*WHAT IS NEEDED*
Pictures are to be left out, and only the lines from the one containing "图片[2]-【绿x版】Salomon 萨洛蒙XT-Whisper 户外" through the last line of the data are to be returned exactly.

[Image-caption web data]
((

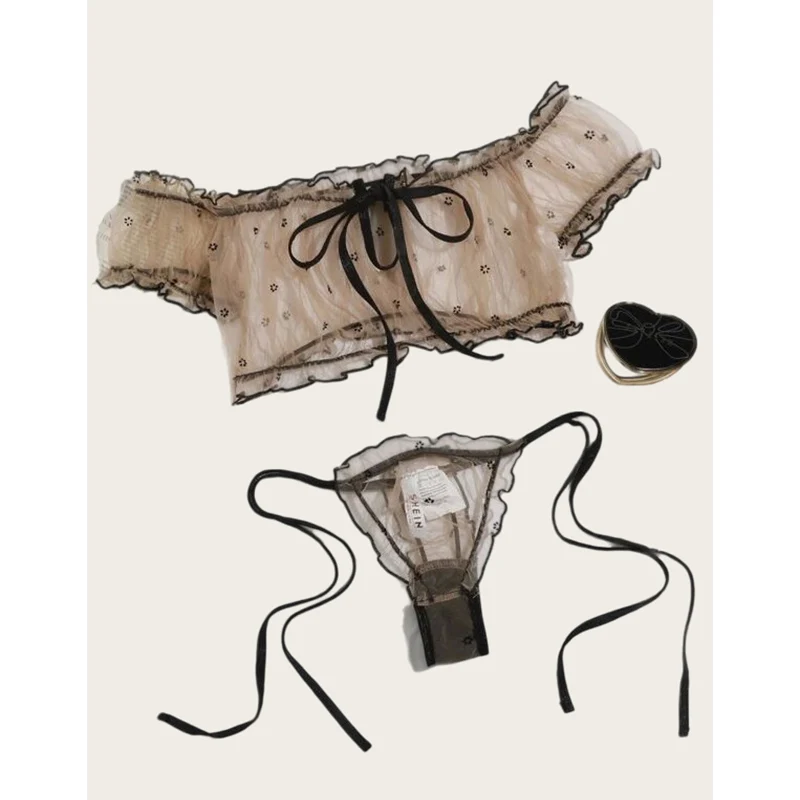 Thumbnail 2 - #76 Discounted Strapless Bras Worth Buying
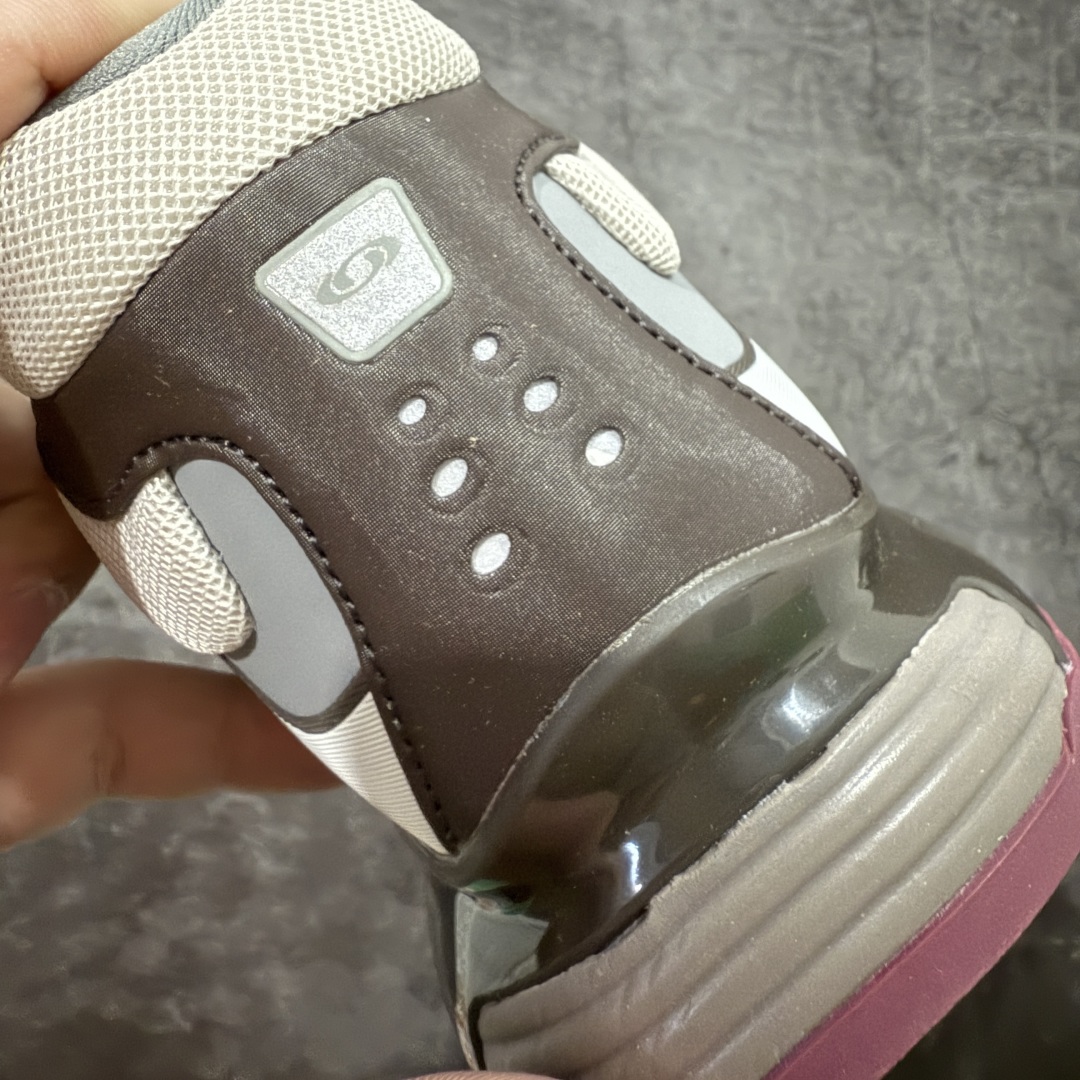 图片[2]-【绿x版】Salomon 萨洛蒙XT-Whisper 户外 休闲 运动鞋 跑鞋 477618 原版购入开发 做货 Salomon 对 XT-WHISPER 鞋面设计进行了升级，以多种鞋面材质，构造了丰富的鞋面层次，为鞋款增添摩登现代感。鞋款独特的波浪形 Sensifit系统设计勾勒出鞋身的流动感线条，并结合标志性的Quicklace™ 快速系带系统，保障全鞋舒适包裹感。结合 Contagrip® 大底，在保留鞋款功能性的同时多维度诠释城市户外型格 配送专柜精美包装🛍📦 面料 ： 原版定制进口网面+牛皮 内里 ： 原版进口透气网里 鞋底 ： 原版开模防滑橡胶材质 底厚 ：3.5CM 尺码： 36-46-选品中心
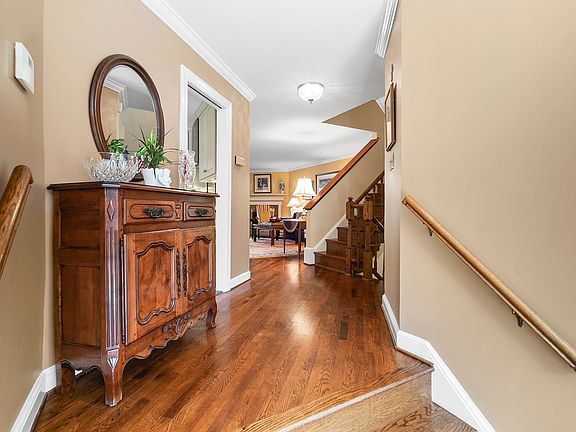 5th image of 6362 Brampton Ct
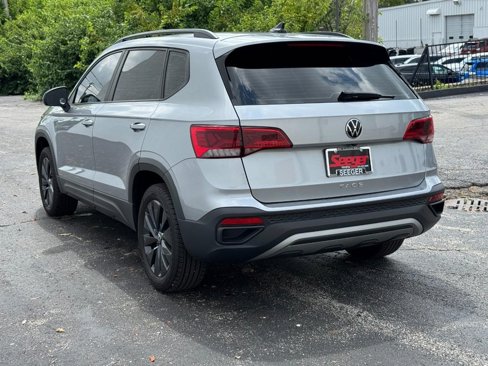 Used 2024 Volkswagen Taos S w/ MDO Package image 4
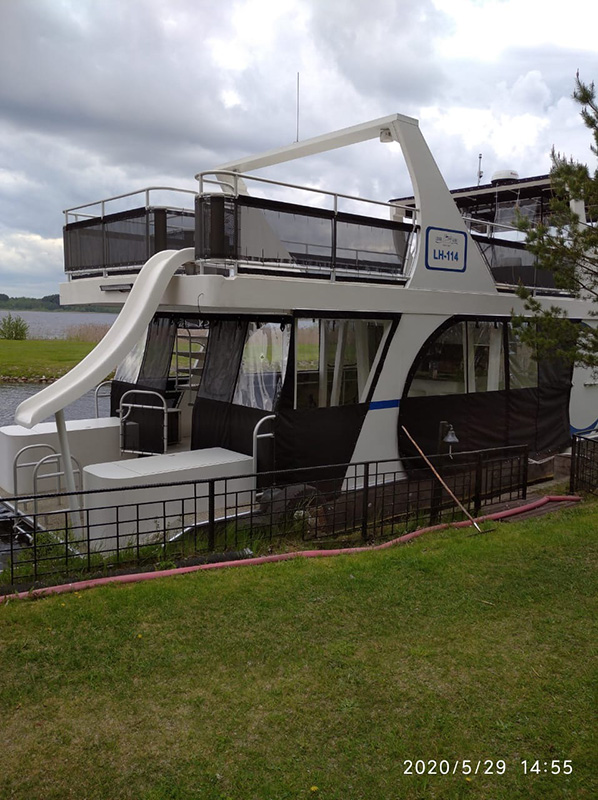 Raymarine плавучий дом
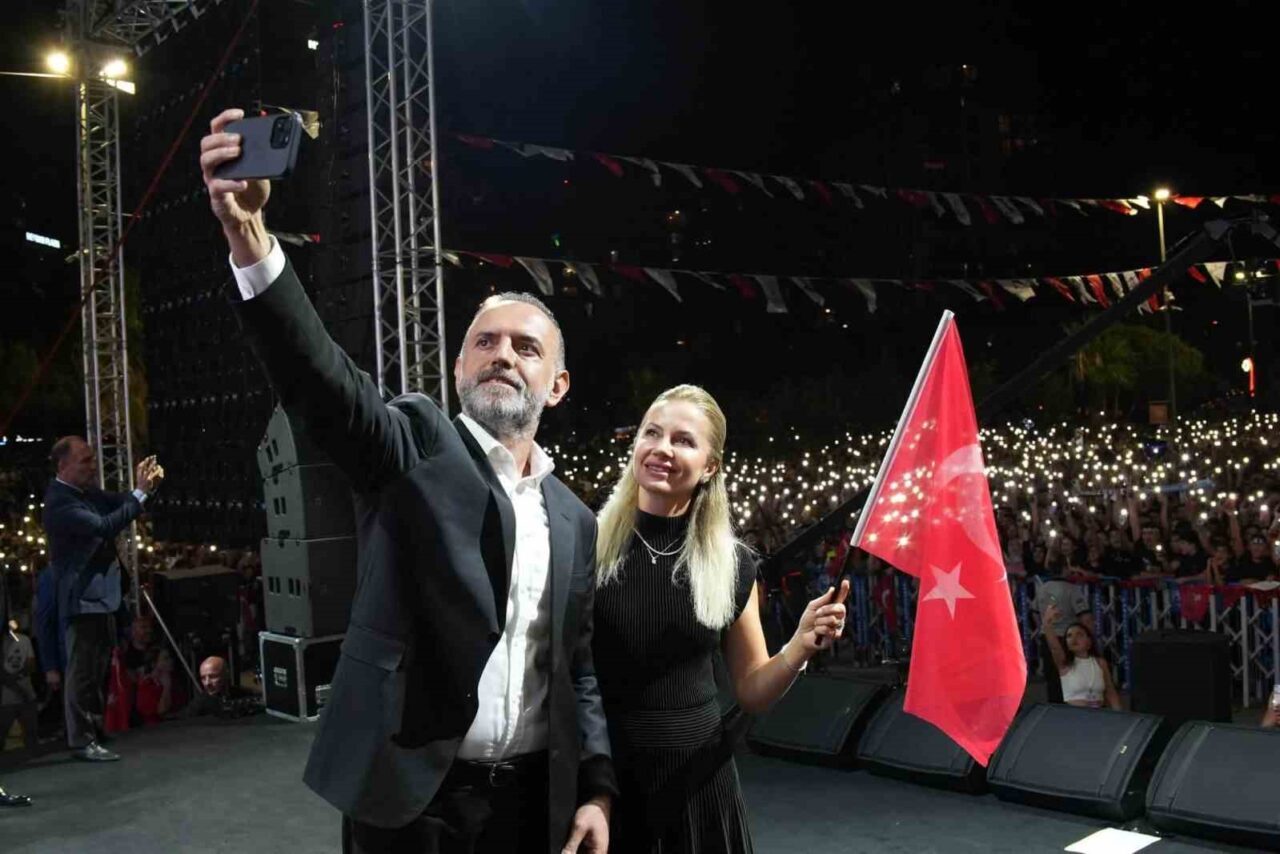 Sancaktepe’de coşku tavan yaptı: Ceza, 30 Ağustos’ta on binleri Meydan Parkı’nda buluşturdu 21 Bülten Medya -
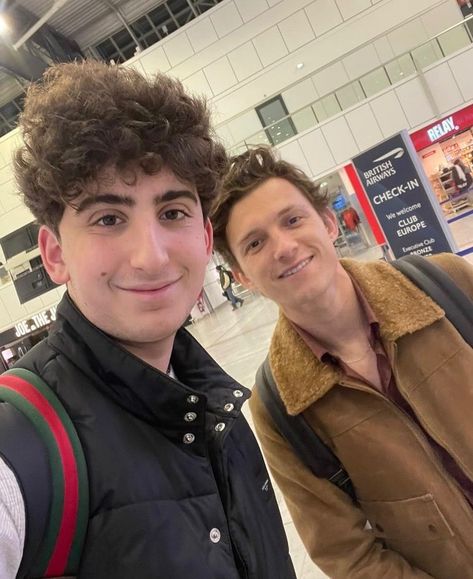 Tom Holland 2023, Tom Holland With Fans, Tomholland Spiderman, Peter Spiderman, Billy Elliot, Tom Holland Peter Parker, Fan Picture, Fred Astaire, February 15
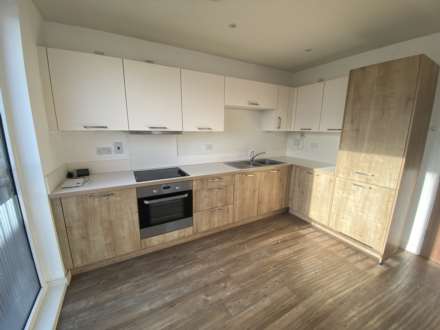 Hayling Way, Edgware, Image 4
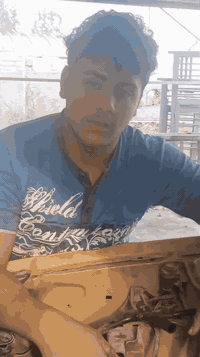 وبركاته فيتر وحداد صدر جميع انواع السيارات العنوان بغداد البياع شرطة ا...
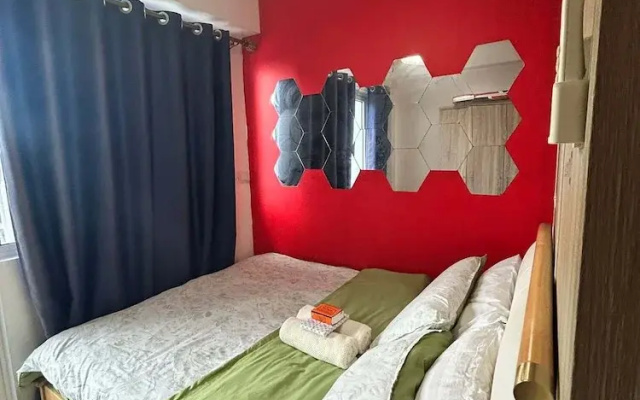 Shore Residences MOA staycation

))

*RESPONSE AREA*
 图片[2]-【绿x版】Salomon 萨洛蒙XT-Whisper 户外 休闲 运动鞋 跑鞋 477618 原版购入开发 做货 Salomon 对 XT-WHISPER 鞋面设计进行了升级，以多种鞋面材质，构造了丰富的鞋面层次，为鞋款增添摩登现代感。鞋款独特的波浪形 Sensifit系统设计勾勒出鞋身的流动感线条，并结合标志性的Quicklace™ 快速系带系统，保障全鞋舒适包裹感。结合 Contagrip® 大底，在保留鞋款功能性的同时多维度诠释城市户外型格 配送专柜精美包装🛍📦 面料 ： 原版定制进口网面+牛皮 内里 ： 原版进口透气网里 鞋底 ： 原版开模防滑橡胶材质 底厚 ：3.5CM 尺码： 36-46-选品中心
 5th image of 6362 Brampton Ct
 Used 2024 Volkswagen Taos S w/ MDO Package image 4
 Raymarine плавучий дом
 Sancaktepe’de coşku tavan yaptı: Ceza, 30 Ağustos’ta on binleri Meydan Parkı’nda buluşturdu 21 Bülten Medya -
 Tom Holland 2023, Tom Holland With Fans, Tomholland Spiderman, Peter Spiderman, Billy Elliot, Tom Holland Peter Parker, Fan Picture, Fred Astaire, February 15
 Hayling Way, Edgware, Image 4
 وبركاته فيتر وحداد صدر جميع انواع السيارات العنوان بغداد البياع شرطة ا...
 Shore Residences MOA staycation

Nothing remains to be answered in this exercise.